Isomap: Dimensionality reduction methods maps dataset X into a new dataset Y with dimensionality d, while retaining the geometry of the data as much as possible. If the high-dimensional data lies on or near a curved manifold, Euclidean distance does not take into account the distribution of the neighboring data points and might consider two data points as near points, whereas their distance over the manifold is much larger than the typical inter-point distance. Isomap overcomes this problem by preserving pair-wise geodesic (or curvilinear) distances between data points. Geodesic distance (GD) is the distance between two points measured over the manifold. GDs between the data points could be computed by constructing a neighborhood graph G (every data point x_i is connected with its k nearest neighbors x_ij). GDs can be estimated using a shortest-path algorithm to find the shortest path between two points in the graph. GDs between all data points form a pair-wise GD matrix. The low-dimensional space Y is computed then by applying multidimensional scaling (MDS) While retaining the GD pairwise distances between the data points as much as possible. To do so, the error between the pairwise distances in the low-dimensional and high-dimensional representation of the data should be minimized: Σ(∥x_i−x_ij∥y_i−y_ijμ)². This minimization can be performed using various methods, such as the eigen-decomposition of a pairwise distance matrix, the conjugate gradient method, or a pseudo-Newton method.

Diffusion maps (DfM): Diffusion maps find the subspace that best preserves the so-called diffusion interpoint distances based on defining a Markov random walk on a graph of the data termed Laplacian graph. It uses Gaussian kernel function to estimate the weights (K) of the edges in the graph:

$K_{\mathrm{ij}}={}^{-\frac{{x_i-x_i}^2}{2{\sigma }^2}}$

. In the next step, the matrix K is normalized in a way that its rows add up to 1:

$p_{\mathrm{ij}}^{\left(t\right)}=\frac{K_{\mathrm{ij}}}{\sum _mK_{\mathrm{im}}},$

where P represents the forward transition probability of t time steps random walk from one data point to another data point. The diffusion distance is defined as:

$D_{\mathrm{ij}}^{\left(t\right)}=\sum _m\frac{{\left(p_{\mathrm{im}}^{\left(t\right)}-p_{\mathrm{jm}}^{\left(t\right)}\right)}^2}{\Psi \left(x_m\right)},\Psi \left(x_m\right)=\frac{\sum _jp_{\mathrm{jm}}}{\sum _k\sum _jp_{\mathrm{jk}}}.$

In the diffusion distance parts of the graph with high density has more weight. Also pairs of data points with a high forward transition probability have a small diffusion distance. The diffusion distance is more robust to noise than the geodesic distance because it uses several paths through the graph. Based on spectral theory on the random walk, the low-dimensional representation Y can be obtained using the d nontrivial eigenvectors of the distance matrix D: Y={λ₂V₂, . . . λ_dV_d}. As the graph is fully connected, eigenvector v1 of the largest eigenvalue (λ₁=1) is discarded and the eigenvectors are normalized by their corresponding eigenvalues.

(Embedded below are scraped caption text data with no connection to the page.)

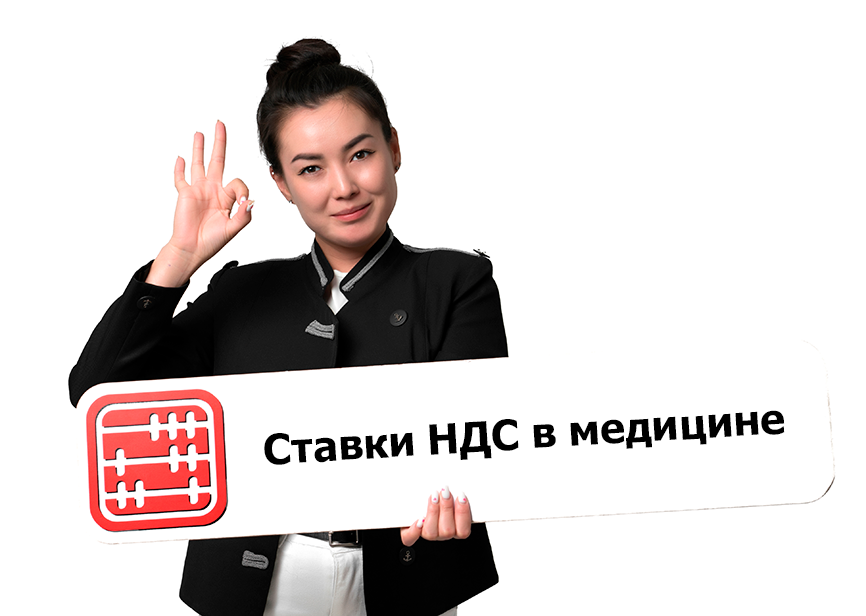 НДС в медицине: какие ставки рассматривают?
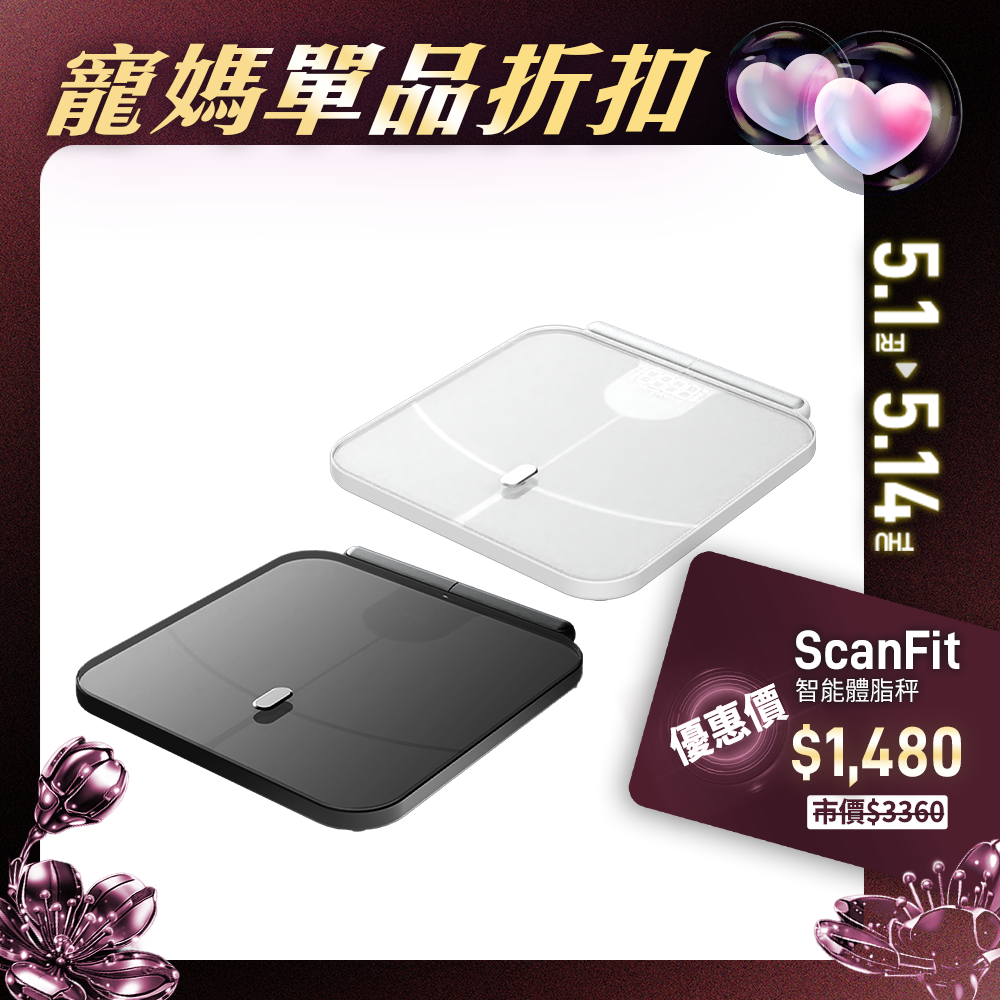 【F.F】ScanFit 智能體脂秤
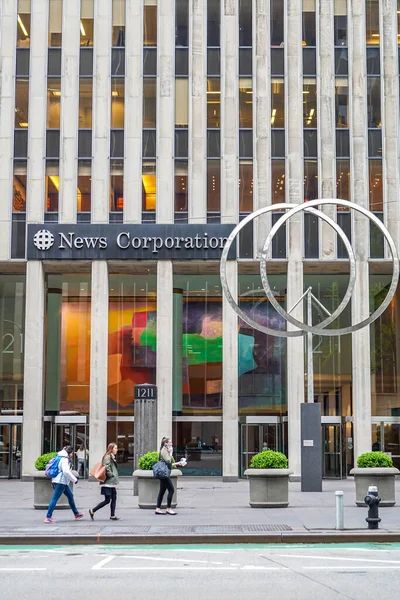 Νεα Υορκη Μαϊου 2023 Fox News Channel Στα Κεντρικά Γραφεία — Φωτογραφία Αρχείου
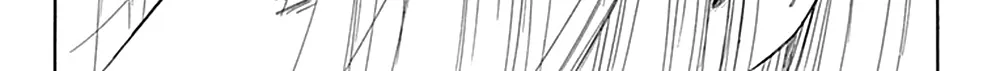 Honey Come Honey - Chapter 36 - Page 79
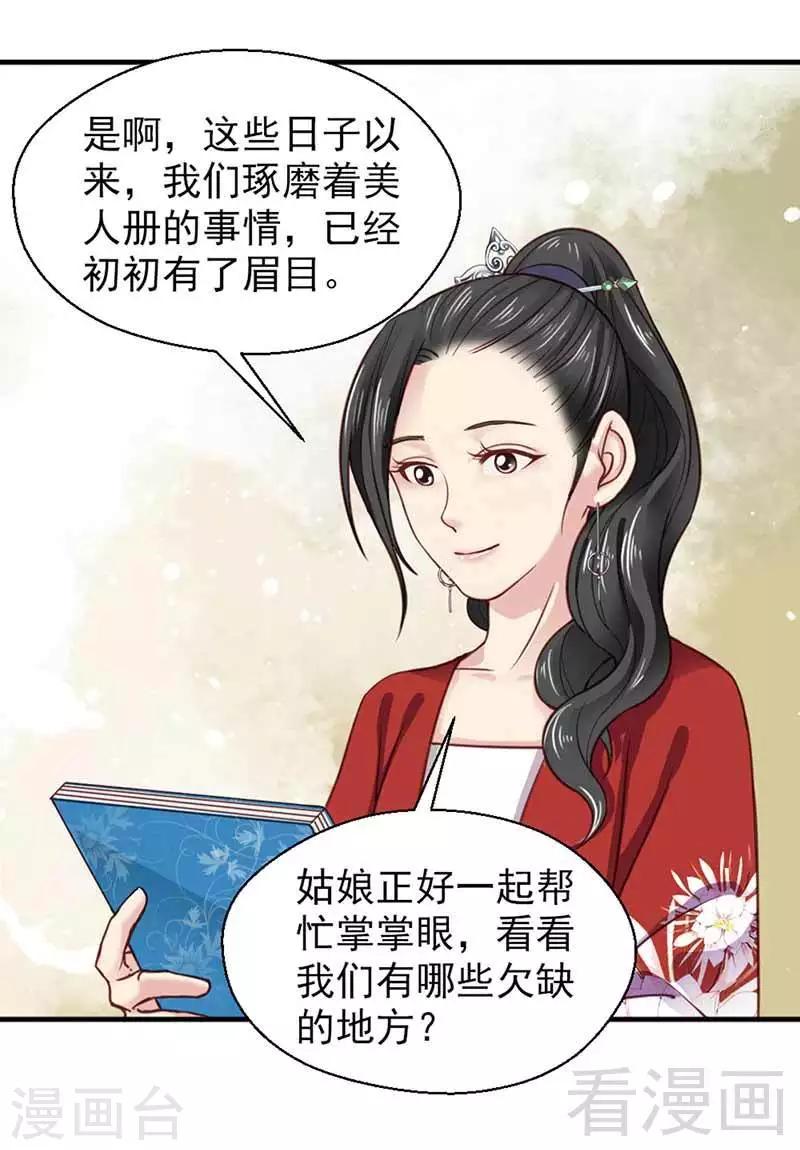 《娇女毒妃》第120话 第26页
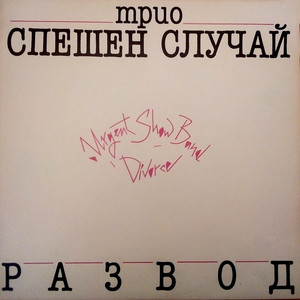 За да има утре by Трио Спешен Случай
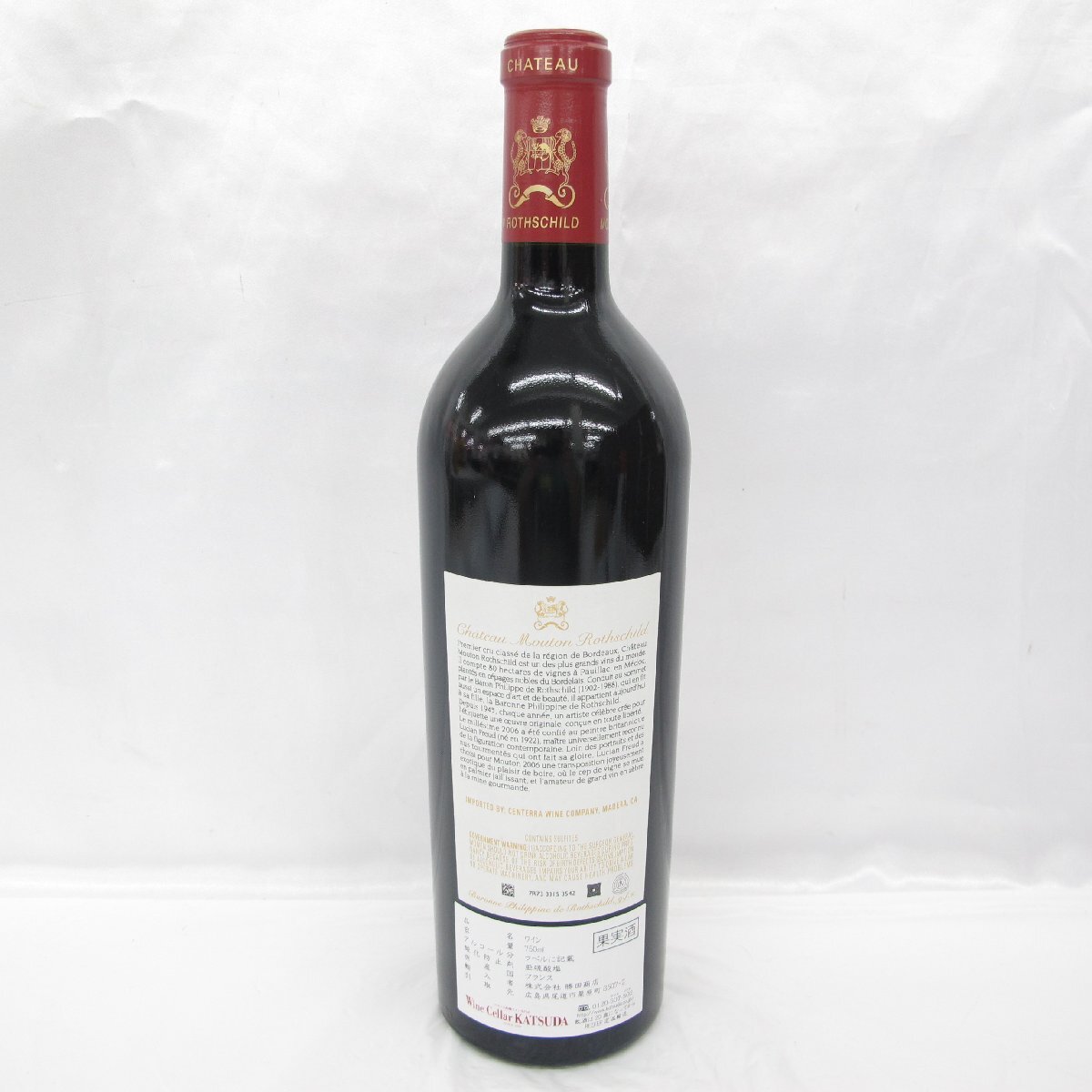 【未開栓】Chateau mouton rothschild シャトー・ムートン・ロートシルト 2006 赤 ワイン 750ml 13％ 11553513 0417の画像3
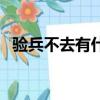驗兵不去有什么后果（驗兵不去會怎么樣）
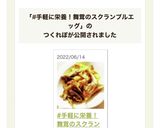 #手軽に栄養！舞茸のスクランブルエッグ作り方12写真
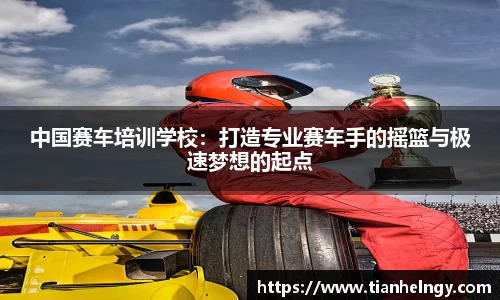 z6尊龙凯时官方网站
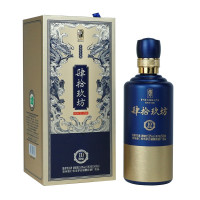 肆拾玖坊酱酒贵州茅台镇 53度酱香型白酒 酒魁酒 (10)陈酿 500ml*6瓶整箱装.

Locally Linear Embedding (LLE): As shown in FIGS. 5 and 6, in contrast to Isomap, LLE preserves local properties of the data which allows for successful embedding of nonconvex manifolds. LLE assumes that the global manifold can be reconstructed by “local” or small connecting regions (manifolds) that are overlapped. If the neighborhoods are small, the manifolds are approximately linear. LEE performs a type of linearization to reconstruct the local properties of the data by using weighted summation of the k nearest neighbors for each point. Thus, any linear mapping of the hyperplane to a space of lower dimensionality preserves the reconstruction weights. This allows using the reconstruction weights W_i to reconstruct data point y_i from its neighbors in the reduced dimension. So, to find the reduced (d) dimensional data representation Y the following cost function should be minimized for each point xi:

$\varepsilon \left(W\right)=\sum _{i=1}^n{x_i-\sum _{j=1}^kw_{\mathrm{ij}}x_{\mathrm{ij}}}^2$

Subject to two constraints

$\sum _{j=1}^kw_{\mathrm{ij}}=1$

and wij=0 when x_j∉R^{D(image pixels)}. Where X is input data, n is number of points and k is neighborhood size. The optimal weights matrix W (n×K) subject to these constraints are found by solving a least-squares problem. Then, the embedding data (Y) is computed by calculating the eigenvectors corresponding to the smallest d nonzero eigenvalues of the matrix. FIG. 3 shows steps for LLE.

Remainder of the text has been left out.